(Records drawn from a dataset)
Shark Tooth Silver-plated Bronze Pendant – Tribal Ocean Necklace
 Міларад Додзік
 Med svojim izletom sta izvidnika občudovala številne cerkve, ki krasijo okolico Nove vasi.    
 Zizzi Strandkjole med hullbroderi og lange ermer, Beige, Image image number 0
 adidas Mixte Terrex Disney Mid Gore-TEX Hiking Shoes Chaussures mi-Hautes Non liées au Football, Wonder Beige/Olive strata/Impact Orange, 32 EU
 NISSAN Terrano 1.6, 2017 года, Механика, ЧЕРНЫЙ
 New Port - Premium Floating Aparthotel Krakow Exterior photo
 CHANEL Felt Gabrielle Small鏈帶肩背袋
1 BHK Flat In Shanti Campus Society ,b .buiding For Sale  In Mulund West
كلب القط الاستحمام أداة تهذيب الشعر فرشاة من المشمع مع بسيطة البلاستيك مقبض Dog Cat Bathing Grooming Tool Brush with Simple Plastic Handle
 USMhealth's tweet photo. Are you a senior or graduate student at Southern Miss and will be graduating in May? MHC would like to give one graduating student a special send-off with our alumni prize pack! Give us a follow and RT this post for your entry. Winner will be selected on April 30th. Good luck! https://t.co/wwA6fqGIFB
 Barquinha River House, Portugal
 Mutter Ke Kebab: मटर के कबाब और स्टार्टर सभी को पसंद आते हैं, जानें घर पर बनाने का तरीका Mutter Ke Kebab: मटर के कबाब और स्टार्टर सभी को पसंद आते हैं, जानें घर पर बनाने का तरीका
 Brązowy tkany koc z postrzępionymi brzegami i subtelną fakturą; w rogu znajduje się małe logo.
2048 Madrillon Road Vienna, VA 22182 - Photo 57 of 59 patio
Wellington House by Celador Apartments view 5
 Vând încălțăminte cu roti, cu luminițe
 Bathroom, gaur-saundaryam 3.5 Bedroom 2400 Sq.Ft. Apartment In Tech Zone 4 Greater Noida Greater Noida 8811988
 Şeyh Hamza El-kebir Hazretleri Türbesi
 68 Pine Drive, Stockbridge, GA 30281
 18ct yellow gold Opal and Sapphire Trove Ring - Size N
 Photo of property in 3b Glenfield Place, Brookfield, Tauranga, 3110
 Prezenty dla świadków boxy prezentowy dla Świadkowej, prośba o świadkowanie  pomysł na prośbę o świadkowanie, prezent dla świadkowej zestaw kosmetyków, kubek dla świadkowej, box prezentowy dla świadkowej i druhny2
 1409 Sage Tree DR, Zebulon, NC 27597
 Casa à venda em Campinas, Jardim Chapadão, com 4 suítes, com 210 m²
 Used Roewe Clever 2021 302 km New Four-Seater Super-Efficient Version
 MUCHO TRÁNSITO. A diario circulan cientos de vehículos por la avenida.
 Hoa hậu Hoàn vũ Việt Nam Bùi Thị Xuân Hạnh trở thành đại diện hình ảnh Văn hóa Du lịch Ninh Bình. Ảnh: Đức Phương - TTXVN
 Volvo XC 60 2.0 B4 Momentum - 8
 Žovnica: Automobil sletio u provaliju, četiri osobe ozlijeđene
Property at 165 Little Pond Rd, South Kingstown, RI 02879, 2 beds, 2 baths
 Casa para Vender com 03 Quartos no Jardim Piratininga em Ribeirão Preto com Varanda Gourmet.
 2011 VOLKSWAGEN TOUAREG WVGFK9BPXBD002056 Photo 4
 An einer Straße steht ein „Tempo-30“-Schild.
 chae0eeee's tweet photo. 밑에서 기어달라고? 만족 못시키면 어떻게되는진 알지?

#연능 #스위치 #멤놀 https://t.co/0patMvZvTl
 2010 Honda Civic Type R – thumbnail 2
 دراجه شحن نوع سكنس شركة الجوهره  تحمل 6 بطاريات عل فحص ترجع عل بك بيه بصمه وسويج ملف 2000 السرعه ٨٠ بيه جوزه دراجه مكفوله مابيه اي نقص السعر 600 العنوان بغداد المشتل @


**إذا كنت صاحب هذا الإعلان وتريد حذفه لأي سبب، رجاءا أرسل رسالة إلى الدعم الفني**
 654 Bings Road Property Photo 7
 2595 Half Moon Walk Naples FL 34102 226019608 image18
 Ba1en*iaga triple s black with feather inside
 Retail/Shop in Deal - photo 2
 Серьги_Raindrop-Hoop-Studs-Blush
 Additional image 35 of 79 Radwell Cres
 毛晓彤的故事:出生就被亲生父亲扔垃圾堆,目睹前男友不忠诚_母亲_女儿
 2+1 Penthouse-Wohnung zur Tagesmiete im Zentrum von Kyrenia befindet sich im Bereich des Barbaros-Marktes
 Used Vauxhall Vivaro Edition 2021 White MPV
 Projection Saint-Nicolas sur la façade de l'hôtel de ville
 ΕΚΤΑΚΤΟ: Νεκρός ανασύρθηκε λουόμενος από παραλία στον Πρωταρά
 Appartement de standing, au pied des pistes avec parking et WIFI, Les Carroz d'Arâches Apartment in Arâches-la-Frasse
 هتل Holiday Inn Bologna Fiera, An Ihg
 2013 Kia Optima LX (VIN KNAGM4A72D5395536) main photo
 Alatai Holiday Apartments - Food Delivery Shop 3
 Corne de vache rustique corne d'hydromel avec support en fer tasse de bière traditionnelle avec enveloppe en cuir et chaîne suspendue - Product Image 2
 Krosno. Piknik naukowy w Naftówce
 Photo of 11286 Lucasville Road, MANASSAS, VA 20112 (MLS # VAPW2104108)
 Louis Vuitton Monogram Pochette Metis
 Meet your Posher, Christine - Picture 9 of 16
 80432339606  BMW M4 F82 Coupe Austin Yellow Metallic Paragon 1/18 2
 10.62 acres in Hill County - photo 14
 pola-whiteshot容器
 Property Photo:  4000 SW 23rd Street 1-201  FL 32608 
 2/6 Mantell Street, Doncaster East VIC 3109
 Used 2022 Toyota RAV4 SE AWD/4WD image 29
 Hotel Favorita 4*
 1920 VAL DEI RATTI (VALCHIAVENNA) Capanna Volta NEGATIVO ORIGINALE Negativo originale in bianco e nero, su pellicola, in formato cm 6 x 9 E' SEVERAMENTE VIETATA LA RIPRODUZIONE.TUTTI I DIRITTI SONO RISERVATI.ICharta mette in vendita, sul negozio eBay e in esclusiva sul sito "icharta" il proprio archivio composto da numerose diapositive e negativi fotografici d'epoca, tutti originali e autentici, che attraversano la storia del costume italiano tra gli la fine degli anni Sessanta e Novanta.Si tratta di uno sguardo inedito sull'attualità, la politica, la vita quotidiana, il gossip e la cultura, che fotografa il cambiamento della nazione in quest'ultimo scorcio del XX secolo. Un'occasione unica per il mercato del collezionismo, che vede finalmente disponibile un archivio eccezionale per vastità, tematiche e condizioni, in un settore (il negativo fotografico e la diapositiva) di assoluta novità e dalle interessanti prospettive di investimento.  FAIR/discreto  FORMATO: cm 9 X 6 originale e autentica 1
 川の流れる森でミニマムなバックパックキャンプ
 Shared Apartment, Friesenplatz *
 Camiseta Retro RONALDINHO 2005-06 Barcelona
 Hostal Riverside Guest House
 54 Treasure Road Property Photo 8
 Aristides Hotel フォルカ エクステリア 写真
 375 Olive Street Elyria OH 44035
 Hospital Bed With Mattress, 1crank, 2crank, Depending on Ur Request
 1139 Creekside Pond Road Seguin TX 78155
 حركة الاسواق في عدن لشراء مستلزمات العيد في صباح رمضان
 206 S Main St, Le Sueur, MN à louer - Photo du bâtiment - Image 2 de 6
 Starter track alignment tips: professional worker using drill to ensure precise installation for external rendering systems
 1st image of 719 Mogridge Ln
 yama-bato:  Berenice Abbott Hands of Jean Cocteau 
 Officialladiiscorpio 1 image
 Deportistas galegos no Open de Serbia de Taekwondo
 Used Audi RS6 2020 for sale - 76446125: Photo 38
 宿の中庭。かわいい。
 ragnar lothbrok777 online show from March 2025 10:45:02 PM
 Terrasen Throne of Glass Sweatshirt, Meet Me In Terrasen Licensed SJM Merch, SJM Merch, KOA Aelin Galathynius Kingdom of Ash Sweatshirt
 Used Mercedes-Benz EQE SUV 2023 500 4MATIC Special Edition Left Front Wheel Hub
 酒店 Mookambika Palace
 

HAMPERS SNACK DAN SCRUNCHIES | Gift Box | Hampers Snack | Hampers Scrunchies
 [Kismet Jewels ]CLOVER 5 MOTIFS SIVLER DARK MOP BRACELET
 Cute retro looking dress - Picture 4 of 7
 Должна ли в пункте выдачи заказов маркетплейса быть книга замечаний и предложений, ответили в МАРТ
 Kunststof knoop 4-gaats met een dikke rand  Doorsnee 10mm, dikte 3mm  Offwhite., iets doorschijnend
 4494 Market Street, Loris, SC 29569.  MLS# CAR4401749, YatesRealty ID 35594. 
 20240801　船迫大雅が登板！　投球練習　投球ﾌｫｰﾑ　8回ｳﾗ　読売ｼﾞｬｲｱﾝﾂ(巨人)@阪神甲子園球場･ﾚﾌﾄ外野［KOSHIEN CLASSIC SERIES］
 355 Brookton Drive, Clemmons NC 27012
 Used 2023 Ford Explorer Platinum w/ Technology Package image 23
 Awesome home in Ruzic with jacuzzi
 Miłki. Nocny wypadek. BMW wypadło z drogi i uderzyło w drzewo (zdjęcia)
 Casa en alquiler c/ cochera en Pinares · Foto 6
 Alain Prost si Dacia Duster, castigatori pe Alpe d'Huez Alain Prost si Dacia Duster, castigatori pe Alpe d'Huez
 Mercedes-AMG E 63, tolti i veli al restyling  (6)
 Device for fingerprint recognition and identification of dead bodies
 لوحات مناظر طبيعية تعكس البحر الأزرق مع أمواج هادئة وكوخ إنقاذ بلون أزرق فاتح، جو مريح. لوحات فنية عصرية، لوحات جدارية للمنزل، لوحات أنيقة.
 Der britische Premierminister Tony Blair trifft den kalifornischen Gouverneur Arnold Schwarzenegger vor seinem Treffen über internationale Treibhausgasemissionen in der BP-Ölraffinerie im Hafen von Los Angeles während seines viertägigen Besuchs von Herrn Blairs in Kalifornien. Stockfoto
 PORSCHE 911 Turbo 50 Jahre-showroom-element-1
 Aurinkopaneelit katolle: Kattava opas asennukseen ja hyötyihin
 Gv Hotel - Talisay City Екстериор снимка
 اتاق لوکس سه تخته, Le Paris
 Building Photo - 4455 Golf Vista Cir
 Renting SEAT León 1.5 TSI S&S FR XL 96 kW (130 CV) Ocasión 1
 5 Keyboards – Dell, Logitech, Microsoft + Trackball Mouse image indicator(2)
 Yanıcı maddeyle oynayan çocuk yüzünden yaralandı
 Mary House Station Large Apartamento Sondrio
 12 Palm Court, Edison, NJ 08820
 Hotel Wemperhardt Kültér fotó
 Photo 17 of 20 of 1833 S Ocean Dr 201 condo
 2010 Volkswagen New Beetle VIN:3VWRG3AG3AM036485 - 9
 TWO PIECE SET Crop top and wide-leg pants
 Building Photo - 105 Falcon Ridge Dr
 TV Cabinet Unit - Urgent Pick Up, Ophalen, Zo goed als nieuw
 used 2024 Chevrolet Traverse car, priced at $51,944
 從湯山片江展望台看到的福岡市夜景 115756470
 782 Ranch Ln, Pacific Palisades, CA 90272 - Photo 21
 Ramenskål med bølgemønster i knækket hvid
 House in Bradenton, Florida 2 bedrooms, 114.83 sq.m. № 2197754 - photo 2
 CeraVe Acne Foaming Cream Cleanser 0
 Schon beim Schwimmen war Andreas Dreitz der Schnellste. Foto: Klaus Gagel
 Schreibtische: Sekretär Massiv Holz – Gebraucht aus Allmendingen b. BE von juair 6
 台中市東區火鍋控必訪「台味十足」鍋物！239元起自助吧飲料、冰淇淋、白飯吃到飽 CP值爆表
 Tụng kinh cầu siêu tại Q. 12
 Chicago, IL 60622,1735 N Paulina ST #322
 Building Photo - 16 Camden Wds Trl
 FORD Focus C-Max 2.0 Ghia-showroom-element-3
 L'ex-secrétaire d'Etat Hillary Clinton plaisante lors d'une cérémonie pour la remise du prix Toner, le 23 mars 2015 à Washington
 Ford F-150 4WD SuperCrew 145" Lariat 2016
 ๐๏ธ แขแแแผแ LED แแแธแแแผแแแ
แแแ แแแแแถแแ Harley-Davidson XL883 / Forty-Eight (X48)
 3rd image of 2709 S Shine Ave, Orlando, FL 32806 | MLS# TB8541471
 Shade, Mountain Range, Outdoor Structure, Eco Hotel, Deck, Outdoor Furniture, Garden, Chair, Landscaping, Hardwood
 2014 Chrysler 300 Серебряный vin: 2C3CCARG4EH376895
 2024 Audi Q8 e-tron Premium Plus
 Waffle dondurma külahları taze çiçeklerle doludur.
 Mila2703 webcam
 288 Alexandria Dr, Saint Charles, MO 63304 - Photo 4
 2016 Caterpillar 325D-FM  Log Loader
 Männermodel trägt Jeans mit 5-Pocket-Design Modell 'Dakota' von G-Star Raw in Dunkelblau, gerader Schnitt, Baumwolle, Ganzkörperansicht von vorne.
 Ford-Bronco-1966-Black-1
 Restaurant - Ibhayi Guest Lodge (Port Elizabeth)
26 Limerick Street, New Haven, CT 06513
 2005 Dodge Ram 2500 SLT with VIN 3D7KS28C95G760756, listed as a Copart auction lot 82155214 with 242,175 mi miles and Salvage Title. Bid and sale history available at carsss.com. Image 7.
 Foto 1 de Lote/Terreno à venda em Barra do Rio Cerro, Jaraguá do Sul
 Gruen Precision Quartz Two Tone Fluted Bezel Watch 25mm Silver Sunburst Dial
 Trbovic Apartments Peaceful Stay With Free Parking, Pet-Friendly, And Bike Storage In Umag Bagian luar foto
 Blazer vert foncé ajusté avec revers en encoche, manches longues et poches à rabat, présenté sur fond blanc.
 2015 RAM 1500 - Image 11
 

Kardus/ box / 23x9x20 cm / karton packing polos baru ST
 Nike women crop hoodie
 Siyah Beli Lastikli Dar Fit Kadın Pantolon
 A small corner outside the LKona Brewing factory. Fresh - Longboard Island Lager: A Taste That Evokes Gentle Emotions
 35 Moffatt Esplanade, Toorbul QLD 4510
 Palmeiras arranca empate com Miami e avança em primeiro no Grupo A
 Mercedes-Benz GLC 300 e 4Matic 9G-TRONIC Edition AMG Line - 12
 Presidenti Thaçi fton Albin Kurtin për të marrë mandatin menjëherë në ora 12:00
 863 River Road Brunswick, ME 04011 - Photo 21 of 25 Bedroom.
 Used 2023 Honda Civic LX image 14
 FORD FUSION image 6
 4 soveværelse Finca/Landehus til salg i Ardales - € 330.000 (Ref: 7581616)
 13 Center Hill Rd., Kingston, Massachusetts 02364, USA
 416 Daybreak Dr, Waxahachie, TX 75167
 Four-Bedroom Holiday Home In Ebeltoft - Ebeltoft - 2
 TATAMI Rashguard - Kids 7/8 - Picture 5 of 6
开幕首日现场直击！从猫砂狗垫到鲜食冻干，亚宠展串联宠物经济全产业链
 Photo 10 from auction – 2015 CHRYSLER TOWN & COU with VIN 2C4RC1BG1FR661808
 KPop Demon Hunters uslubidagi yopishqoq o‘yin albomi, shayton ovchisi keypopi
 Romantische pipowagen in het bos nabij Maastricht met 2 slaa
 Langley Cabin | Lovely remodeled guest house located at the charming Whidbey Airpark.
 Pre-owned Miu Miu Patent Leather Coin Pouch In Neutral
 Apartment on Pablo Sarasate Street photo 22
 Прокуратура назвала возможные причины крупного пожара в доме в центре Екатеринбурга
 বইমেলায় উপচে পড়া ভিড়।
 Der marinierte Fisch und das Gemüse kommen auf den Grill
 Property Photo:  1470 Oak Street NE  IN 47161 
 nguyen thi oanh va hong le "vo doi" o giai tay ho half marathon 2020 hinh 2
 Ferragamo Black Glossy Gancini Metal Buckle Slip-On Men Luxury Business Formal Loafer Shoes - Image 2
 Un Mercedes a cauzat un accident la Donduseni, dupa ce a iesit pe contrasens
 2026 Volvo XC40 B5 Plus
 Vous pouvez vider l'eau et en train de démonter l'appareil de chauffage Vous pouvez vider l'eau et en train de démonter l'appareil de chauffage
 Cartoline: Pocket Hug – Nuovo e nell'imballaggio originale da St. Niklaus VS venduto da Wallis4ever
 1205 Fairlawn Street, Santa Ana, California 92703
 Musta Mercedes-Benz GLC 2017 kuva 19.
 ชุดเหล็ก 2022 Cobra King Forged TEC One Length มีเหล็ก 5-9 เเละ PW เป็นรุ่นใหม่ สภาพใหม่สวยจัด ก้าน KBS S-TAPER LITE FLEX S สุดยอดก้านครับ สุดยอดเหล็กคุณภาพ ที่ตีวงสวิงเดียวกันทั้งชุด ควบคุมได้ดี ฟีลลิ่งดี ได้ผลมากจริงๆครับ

**What the task asks**.
Copy the lines above exactly, from the very first through the one containing "USMhealth's tweet photo.", and include no other line.

**Result**.
Shark Tooth Silver-plated Bronze Pendant – Tribal Ocean Necklace
 Міларад Додзік
 Med svojim izletom sta izvidnika občudovala številne cerkve, ki krasijo okolico Nove vasi.    
 Zizzi Strandkjole med hullbroderi og lange ermer, Beige, Image image number 0
 adidas Mixte Terrex Disney Mid Gore-TEX Hiking Shoes Chaussures mi-Hautes Non liées au Football, Wonder Beige/Olive strata/Impact Orange, 32 EU
 NISSAN Terrano 1.6, 2017 года, Механика, ЧЕРНЫЙ
 New Port - Premium Floating Aparthotel Krakow Exterior photo
 CHANEL Felt Gabrielle Small鏈帶肩背袋
1 BHK Flat In Shanti Campus Society ,b .buiding For Sale  In Mulund West
كلب القط الاستحمام أداة تهذيب الشعر فرشاة من المشمع مع بسيطة البلاستيك مقبض Dog Cat Bathing Grooming Tool Brush with Simple Plastic Handle
 USMhealth's tweet photo. Are you a senior or graduate student at Southern Miss and will be graduating in May? MHC would like to give one graduating student a special send-off with our alumni prize pack! Give us a follow and RT this post for your entry. Winner will be selected on April 30th. Good luck! https://t.co/wwA6fqGIFB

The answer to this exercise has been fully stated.